Parla uno dei ragazzi controllati durante il blitz: «La pula doveva venire di sabato»

da Verona

«Vecio che storia». Il giorno dopo non si parla d’altro a Verona. «Mi han fatto la perquisa», «sembrava di essere in un film». Tutti conoscono nei dettagli la storia del blitz all'Alter Ego: l’inaugurazione è una volta l’anno, c’era praticamente tutta i giovani della città. E però si riusciva ancora a camminare tra le tre piste quando si è fermata la musica.
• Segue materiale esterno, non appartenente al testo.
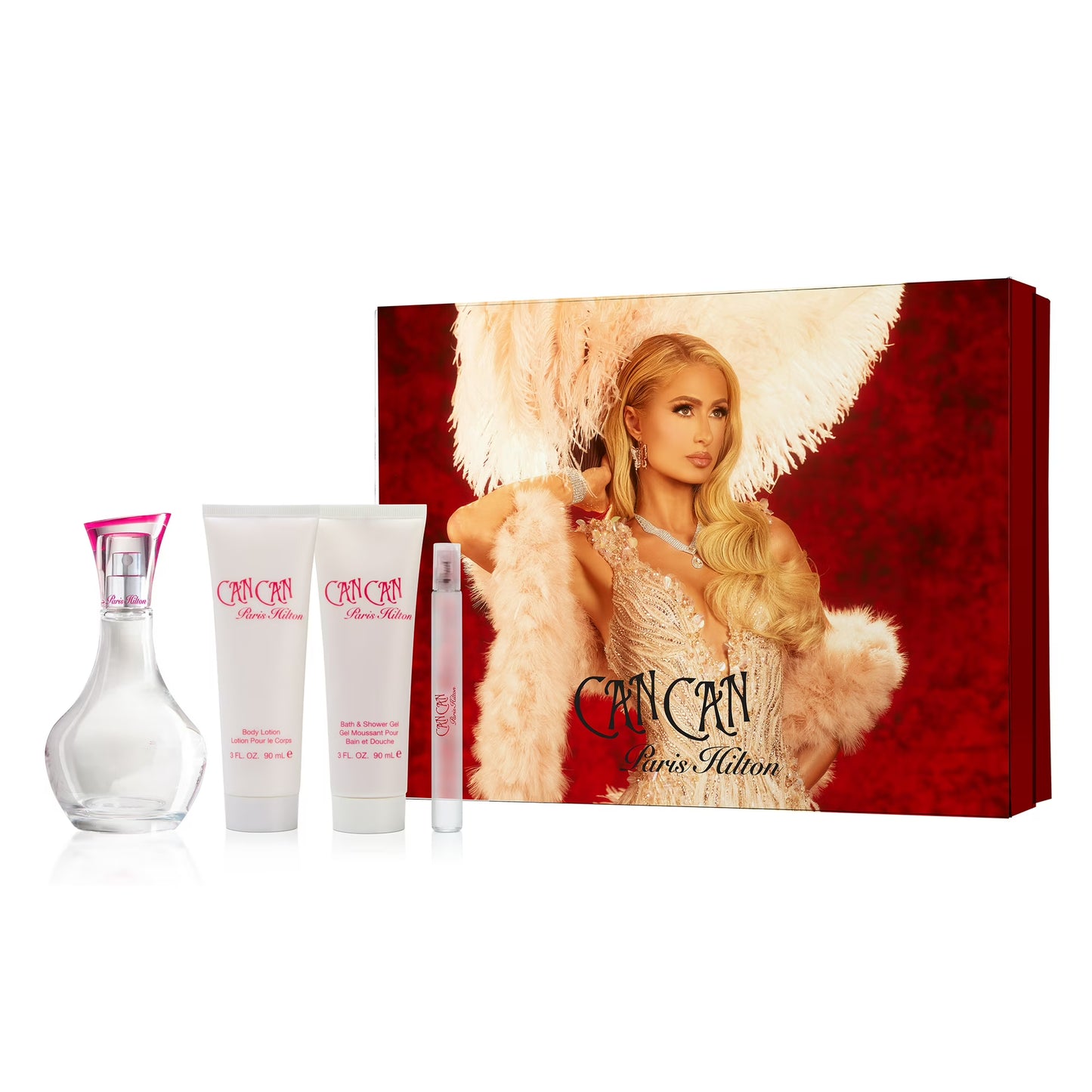 PARIS HILTON Can Can Womens 4-piece Gift Set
Troppo presto entrare alle due, i «giusti» arrivano più tardi, quando il Mazzanti in piazza delle Erbe chiude e allora sì che è tempo di «salire su all’Alter». Dal parcheggio domini il centro storico e dentro invece, trovi chi in centro ci abita: il ragazzo che la mattina dopo arriva a scuola con le occhiaie, l’universitario che studia in città, quello che a Verona ci torna solo il weekend e chi lavora da un pezzo, l’irriducibile dell’Alter. Venerdì notte, apertura della stagione, l’appuntamento a cui non si può mancare, la serata tipo del «fighetto» in mocassino e camicia fatta a mano infilata dentro il jeans, rigorosamente stretto. «Vecio che storia, c’era una marea di pula», e in effetti gli agenti erano un centinaio, più le unità cinofile e persino un elicottero, «quel rumore mi rimbomba ancora in testa».
«Subito ho pensato a uno scherzo - racconta Marco, 25 anni e una laurea in economia - stavo ordinando una vodka Redbull al bar vicino ai bagni quando hanno acceso le luci». Andrea l’hanno perquisito due volte: «Prima dentro e poi quando finalmente sono riuscito a uscire, verso le tre e mezza». «Hai qualcosa?», gli ha chiesto un poliziotto in borghese, prima di cominciare ad accertarsene da solo.
«Chi aveva qualche grammo l’ha buttato subito - racconta un altro ragazzo, uno di quelli che all’Alter ci va da quando aveva 16 anni - ma la verità è che avrebbero dovuto fare la retata di sabato sera: li sì che se ne vedono di tutti i colori». Il venerdì, «al massimo becchi qualcuno che tira in bagno, come in tutti i locali. Mica solo a Verona».
È il sabato che fa la differenza. «Da sempre, lo sanno tutti». Li chiamano «mostri», oppure «cyborg». Gli occhiali da sole li indossano di notte, sopra agli occhi persi, o sui capelli, paralizzati dal gel. Arrivano dalla provincia con i pullman ma anche dalla Verona bene, si danno appuntamento al sabato perché ci vuole la techno «mica la musica commerciale da fighette».
Di mocassini però non se ne vedono al sabato, anche le ragazze rinunciano ai tacchi a spillo del venerdì perché quando «sei inscimmiato balli a stecca», sì insomma sotto l’effetto delle droghe ti dimeni come un animale. E quando parte il coro nella pista principale, tocca saltare per davvero. «All’Alter Ego si vola con la pastiglia in gola». «All’Alter Ego non mi piego, una pasta non mi basta, ma con otto mi cappotto». E poi l’ever green: «Al-te-re-go, al-te-re-go…».
Cappellino con la visiera e maglietta Squared, ma chi si cala le paste lo riconosci dalla mandibola, d’improvviso scoordinata rispetto al resto del corpo, «non riescono più a fermarla». Ballano con una bottiglietta d’acqua in mano quelli che preferiscono gli acidi: «l’Mdma va sciolto come fosse un’aspirina e bevuto lentamente», spiega Andrea. La regola: continuare a ballare. «Nessuno al sabato spende 120 euro per fare il figo al tavolo», il divertimento è in pista, al massimo ci si sposta tra i banconi dei due bar, o nei bagni, «perché lì, si sa, succede davvero di tutto».
«Vomitare è il minimo - continua Marco - non so quante ragazze ho visto perdere completamente i sensi, buttate sui divanetti di pelle rossa». E poi ci sono quelle che si chiudono in bagno, «in compagnia... e quelle che usano il marmo del lavandino come pista per tirare il prodotto». Ovvero la cocaina.